■ WHAT IS EXPECTED:
Scan the records below for the line with "Custom Pet Photo" and the line with "Salmon with Skin: Strips & Pieces OR Ground". Repeat those two lines and every line between them exactly, and nothing else.
[Opening INFORMATION GIVEN section]
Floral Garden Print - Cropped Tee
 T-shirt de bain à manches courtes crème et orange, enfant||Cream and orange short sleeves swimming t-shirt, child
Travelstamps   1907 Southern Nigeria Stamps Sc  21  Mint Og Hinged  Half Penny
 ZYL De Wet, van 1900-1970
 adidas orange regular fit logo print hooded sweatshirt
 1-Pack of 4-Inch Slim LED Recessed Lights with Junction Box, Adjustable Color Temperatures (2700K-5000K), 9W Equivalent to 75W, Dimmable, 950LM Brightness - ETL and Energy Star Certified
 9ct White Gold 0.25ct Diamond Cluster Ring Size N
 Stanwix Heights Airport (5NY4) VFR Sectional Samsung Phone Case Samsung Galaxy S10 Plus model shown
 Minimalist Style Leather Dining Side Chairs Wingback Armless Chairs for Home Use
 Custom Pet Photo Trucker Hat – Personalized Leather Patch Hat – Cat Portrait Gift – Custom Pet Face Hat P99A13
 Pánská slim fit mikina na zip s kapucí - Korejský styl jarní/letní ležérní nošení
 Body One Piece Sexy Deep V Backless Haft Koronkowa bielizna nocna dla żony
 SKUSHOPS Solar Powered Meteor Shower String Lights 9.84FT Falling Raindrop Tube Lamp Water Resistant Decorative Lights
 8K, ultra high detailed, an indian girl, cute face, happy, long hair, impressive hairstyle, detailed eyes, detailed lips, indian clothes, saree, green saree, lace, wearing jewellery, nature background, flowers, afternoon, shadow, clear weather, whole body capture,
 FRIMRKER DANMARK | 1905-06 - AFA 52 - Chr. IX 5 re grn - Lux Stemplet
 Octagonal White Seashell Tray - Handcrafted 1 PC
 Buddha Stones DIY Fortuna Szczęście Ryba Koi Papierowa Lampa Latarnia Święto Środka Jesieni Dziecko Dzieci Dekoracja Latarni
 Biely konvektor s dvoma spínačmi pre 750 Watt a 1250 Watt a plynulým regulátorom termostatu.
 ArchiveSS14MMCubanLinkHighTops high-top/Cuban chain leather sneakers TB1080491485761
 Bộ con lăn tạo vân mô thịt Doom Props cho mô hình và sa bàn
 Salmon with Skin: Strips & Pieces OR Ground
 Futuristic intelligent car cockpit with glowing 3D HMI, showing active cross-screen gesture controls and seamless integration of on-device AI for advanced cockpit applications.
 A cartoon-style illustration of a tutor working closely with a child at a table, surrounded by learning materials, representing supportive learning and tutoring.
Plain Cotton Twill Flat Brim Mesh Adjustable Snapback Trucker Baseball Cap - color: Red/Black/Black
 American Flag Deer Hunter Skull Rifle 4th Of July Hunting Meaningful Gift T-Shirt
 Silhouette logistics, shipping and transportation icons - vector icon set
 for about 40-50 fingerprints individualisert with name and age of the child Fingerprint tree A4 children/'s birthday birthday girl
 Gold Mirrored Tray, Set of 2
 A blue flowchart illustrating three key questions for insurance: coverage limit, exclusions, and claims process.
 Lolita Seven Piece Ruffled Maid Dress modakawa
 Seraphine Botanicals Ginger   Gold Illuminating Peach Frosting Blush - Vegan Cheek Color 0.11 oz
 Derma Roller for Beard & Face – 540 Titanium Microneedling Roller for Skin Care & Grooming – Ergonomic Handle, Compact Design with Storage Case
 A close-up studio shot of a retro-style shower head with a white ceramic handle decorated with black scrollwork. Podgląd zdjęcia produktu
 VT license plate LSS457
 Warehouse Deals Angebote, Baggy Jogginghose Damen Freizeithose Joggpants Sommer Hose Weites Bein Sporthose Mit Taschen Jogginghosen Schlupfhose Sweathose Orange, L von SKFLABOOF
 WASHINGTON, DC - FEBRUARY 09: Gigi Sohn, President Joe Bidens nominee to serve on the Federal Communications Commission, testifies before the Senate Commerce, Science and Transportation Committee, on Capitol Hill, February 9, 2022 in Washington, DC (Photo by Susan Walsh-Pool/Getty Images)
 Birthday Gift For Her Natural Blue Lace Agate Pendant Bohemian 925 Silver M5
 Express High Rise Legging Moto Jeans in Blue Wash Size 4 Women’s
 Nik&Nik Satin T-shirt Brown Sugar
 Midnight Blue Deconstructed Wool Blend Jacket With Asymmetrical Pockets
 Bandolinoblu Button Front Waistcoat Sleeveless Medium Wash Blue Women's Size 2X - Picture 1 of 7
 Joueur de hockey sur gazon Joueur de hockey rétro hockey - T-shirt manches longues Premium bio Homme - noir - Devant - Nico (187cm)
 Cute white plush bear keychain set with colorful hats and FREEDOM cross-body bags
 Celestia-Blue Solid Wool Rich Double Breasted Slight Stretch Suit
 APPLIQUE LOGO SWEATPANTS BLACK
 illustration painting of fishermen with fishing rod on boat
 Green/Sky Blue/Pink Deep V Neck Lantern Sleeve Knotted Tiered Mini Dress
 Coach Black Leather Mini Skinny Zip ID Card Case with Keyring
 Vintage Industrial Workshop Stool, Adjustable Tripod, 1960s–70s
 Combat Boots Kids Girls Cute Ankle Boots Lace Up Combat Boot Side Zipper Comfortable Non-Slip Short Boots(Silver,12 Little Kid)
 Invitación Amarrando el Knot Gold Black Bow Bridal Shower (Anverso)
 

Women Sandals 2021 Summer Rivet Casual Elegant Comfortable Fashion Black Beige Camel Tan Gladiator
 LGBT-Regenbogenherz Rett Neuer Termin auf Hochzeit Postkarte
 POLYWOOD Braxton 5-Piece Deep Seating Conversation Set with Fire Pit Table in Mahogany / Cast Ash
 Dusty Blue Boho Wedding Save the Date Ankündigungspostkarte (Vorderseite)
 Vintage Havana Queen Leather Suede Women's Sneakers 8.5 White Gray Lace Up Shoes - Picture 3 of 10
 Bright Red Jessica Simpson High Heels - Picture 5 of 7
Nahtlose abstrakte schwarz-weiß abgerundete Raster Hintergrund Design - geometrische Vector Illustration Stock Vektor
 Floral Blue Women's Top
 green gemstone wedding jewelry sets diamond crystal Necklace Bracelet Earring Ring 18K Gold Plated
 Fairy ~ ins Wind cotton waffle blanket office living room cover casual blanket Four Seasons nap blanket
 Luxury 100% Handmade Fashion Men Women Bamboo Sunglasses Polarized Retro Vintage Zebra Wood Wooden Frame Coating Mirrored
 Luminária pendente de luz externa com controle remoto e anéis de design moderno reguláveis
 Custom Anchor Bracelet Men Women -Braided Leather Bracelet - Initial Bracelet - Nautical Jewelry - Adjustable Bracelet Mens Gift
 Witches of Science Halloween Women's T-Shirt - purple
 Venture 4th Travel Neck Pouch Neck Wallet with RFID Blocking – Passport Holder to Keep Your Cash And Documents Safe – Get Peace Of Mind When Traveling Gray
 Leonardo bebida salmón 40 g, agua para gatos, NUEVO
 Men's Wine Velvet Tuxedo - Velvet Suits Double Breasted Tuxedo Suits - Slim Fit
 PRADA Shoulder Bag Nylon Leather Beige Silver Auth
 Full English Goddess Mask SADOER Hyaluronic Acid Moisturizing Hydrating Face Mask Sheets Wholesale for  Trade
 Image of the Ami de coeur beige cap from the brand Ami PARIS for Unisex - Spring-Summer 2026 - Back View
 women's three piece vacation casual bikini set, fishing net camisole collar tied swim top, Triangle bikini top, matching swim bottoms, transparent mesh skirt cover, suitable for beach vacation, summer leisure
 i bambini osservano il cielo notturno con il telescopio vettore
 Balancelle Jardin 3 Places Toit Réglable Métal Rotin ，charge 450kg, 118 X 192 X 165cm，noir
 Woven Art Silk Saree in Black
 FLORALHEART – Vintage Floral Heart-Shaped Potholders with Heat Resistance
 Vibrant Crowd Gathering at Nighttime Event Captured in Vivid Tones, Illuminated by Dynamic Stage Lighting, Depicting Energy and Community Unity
[Closing INFORMATION GIVEN section]
■ WRITTEN SOLUTION:
 Custom Pet Photo Trucker Hat – Personalized Leather Patch Hat – Cat Portrait Gift – Custom Pet Face Hat P99A13
 Pánská slim fit mikina na zip s kapucí - Korejský styl jarní/letní ležérní nošení
 Body One Piece Sexy Deep V Backless Haft Koronkowa bielizna nocna dla żony
 SKUSHOPS Solar Powered Meteor Shower String Lights 9.84FT Falling Raindrop Tube Lamp Water Resistant Decorative Lights
 8K, ultra high detailed, an indian girl, cute face, happy, long hair, impressive hairstyle, detailed eyes, detailed lips, indian clothes, saree, green saree, lace, wearing jewellery, nature background, flowers, afternoon, shadow, clear weather, whole body capture,
 FRIMRKER DANMARK | 1905-06 - AFA 52 - Chr. IX 5 re grn - Lux Stemplet
 Octagonal White Seashell Tray - Handcrafted 1 PC
 Buddha Stones DIY Fortuna Szczęście Ryba Koi Papierowa Lampa Latarnia Święto Środka Jesieni Dziecko Dzieci Dekoracja Latarni
 Biely konvektor s dvoma spínačmi pre 750 Watt a 1250 Watt a plynulým regulátorom termostatu.
 ArchiveSS14MMCubanLinkHighTops high-top/Cuban chain leather sneakers TB1080491485761
 Bộ con lăn tạo vân mô thịt Doom Props cho mô hình và sa bàn
 Salmon with Skin: Strips & Pieces OR Ground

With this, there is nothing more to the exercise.